#### [Activity]
Reproduce exactly the lines below, from the first through the one containing "Foto b61bcd42-df61-48d0-ad2f-7fda260a9cb1. Casa", and nothing more.

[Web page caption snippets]
____

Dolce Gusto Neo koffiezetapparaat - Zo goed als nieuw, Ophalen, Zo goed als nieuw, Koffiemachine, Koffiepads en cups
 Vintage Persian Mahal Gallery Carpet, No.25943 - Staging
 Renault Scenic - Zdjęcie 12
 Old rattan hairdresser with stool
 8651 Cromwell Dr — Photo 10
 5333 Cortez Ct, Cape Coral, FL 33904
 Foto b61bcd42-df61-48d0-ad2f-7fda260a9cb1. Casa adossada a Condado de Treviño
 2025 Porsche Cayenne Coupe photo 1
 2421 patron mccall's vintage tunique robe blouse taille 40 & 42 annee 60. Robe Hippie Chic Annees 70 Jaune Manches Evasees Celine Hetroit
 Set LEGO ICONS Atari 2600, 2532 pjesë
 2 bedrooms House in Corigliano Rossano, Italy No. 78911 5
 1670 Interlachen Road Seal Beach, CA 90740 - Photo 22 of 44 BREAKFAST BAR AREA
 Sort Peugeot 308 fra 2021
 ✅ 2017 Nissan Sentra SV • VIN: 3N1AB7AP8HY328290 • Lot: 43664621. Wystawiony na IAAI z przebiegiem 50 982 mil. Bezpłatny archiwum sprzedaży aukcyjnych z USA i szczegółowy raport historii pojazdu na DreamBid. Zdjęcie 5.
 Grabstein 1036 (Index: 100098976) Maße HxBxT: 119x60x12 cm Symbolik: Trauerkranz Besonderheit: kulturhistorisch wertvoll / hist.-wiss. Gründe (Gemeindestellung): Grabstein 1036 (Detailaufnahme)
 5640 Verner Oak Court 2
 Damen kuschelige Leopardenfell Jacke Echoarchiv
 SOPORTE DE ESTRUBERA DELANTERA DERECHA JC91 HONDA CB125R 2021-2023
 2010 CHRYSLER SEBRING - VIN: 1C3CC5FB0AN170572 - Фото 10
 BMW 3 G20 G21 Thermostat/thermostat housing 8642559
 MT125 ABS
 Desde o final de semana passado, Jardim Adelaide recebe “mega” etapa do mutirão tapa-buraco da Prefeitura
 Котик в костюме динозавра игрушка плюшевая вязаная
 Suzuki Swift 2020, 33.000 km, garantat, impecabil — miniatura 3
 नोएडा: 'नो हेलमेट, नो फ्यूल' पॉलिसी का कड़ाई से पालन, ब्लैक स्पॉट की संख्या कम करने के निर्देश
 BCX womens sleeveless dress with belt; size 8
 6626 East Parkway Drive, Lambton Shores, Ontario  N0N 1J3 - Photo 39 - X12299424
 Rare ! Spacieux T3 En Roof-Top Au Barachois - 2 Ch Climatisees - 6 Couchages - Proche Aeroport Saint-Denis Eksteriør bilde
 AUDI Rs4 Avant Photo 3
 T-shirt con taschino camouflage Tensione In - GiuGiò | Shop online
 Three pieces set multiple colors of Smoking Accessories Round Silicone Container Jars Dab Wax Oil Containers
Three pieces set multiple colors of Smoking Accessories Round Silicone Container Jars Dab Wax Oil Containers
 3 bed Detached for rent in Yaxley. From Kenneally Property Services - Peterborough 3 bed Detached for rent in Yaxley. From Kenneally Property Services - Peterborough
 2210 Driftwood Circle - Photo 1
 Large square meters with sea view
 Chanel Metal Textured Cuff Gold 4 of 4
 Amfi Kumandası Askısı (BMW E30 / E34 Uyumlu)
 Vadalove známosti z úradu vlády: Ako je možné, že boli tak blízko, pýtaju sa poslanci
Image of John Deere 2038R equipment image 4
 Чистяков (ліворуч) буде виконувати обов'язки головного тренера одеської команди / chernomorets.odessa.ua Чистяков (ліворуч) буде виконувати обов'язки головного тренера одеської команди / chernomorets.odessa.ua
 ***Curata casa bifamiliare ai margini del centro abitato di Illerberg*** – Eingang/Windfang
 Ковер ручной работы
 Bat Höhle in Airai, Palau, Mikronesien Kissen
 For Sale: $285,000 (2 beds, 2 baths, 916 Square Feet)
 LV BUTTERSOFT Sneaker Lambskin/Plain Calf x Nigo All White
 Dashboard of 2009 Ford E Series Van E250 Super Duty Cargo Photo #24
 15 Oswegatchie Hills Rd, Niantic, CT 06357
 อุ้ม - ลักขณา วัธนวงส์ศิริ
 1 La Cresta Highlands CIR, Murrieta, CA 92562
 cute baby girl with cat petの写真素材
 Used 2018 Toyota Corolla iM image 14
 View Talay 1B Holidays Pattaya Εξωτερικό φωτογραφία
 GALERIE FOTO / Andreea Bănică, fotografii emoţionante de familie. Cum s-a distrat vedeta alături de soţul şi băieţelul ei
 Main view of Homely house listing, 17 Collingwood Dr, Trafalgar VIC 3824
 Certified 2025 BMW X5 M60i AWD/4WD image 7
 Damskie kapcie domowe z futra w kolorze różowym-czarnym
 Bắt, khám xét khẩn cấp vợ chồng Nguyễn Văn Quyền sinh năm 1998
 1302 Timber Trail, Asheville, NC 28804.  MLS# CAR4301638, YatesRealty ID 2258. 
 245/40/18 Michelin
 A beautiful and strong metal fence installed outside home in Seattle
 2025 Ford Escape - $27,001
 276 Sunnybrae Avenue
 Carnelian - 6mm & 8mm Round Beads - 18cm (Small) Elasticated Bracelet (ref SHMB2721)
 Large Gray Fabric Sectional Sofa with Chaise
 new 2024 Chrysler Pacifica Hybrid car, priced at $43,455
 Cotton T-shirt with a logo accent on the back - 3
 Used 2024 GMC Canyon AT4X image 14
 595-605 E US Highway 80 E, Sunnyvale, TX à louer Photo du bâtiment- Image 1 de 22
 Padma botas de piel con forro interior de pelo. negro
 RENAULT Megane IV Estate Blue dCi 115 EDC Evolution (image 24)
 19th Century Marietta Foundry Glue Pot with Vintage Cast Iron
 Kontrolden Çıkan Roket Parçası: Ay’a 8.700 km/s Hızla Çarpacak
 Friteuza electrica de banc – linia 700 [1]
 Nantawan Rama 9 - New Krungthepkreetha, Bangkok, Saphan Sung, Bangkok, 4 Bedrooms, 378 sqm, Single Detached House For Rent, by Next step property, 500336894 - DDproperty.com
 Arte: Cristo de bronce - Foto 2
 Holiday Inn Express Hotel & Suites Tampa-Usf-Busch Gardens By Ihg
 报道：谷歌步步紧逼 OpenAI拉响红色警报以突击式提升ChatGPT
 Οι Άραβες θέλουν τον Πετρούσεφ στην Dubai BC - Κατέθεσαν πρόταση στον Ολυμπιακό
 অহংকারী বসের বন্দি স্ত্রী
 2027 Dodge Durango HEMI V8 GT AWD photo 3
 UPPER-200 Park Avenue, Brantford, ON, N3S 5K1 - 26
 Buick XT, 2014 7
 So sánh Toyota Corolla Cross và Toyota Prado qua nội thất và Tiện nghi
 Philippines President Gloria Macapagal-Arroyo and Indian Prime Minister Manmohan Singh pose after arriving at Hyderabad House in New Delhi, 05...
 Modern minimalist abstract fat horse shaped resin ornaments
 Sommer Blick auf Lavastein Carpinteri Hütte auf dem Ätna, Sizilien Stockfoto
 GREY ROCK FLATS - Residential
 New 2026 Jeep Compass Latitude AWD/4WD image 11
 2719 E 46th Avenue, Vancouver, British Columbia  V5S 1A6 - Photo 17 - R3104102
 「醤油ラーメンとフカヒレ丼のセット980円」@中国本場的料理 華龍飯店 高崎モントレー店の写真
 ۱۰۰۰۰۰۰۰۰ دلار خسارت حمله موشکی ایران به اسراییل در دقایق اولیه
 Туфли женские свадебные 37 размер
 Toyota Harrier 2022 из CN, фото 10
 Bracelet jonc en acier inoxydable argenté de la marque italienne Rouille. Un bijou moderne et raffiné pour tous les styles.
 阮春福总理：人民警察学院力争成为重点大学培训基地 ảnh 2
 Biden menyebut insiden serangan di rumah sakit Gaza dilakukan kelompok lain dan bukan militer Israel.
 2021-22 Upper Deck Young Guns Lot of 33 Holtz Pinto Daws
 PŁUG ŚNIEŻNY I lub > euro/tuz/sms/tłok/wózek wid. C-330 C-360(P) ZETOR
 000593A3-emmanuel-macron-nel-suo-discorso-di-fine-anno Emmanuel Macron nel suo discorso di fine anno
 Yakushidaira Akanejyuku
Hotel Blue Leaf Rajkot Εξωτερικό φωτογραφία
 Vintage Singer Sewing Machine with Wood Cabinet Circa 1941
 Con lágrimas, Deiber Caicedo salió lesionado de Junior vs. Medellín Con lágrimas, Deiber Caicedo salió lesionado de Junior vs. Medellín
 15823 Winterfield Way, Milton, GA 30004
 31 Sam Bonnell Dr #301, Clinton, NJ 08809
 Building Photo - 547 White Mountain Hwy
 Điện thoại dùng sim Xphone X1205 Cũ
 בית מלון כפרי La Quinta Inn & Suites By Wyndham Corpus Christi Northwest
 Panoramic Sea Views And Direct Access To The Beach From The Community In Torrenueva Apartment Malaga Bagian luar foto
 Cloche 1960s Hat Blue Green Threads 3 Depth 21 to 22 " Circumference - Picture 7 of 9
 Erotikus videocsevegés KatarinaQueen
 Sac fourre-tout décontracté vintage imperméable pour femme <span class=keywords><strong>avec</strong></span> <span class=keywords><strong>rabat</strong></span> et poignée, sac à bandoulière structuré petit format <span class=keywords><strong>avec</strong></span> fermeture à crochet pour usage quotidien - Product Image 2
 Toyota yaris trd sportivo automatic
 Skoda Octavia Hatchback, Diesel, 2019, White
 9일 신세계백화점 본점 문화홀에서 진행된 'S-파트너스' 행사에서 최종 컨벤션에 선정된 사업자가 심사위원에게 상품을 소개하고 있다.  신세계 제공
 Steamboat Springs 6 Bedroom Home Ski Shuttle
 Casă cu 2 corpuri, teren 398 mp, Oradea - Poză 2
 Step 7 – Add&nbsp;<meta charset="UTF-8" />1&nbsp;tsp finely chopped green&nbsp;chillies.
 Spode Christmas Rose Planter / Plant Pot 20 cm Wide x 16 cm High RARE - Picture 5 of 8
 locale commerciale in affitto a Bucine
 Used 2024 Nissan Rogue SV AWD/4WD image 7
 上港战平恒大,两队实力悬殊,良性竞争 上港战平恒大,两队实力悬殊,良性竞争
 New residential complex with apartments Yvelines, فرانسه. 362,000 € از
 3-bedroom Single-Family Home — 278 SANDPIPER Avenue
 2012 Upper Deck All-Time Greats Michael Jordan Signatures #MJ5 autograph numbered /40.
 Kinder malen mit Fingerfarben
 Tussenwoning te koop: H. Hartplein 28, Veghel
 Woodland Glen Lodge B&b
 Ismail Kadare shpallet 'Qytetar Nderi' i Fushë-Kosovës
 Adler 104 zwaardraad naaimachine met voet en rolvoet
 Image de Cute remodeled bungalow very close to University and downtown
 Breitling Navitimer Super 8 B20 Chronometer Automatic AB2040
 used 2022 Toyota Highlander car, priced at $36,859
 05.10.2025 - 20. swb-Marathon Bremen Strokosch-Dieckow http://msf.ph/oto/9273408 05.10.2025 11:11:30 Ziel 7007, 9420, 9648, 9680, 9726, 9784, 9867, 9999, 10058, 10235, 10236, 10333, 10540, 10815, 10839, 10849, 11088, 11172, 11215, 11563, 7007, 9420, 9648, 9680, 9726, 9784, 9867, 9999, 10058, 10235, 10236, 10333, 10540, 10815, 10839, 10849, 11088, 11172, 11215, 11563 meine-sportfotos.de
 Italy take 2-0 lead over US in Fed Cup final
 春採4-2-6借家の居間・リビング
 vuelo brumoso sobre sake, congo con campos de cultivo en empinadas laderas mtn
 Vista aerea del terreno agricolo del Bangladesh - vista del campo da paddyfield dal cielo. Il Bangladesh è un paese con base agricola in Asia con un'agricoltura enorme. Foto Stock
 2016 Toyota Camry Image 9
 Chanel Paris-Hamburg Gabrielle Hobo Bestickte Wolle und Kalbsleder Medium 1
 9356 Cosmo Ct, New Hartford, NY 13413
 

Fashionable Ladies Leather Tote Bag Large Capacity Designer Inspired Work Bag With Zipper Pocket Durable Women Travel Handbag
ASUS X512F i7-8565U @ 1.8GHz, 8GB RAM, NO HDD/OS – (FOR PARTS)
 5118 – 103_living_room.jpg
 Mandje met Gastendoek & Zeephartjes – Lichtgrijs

____

#### [Final answer]
Dolce Gusto Neo koffiezetapparaat - Zo goed als nieuw, Ophalen, Zo goed als nieuw, Koffiemachine, Koffiepads en cups
 Vintage Persian Mahal Gallery Carpet, No.25943 - Staging
 Renault Scenic - Zdjęcie 12
 Old rattan hairdresser with stool
 8651 Cromwell Dr — Photo 10
 5333 Cortez Ct, Cape Coral, FL 33904
 Foto b61bcd42-df61-48d0-ad2f-7fda260a9cb1. Casa adossada a Condado de Treviño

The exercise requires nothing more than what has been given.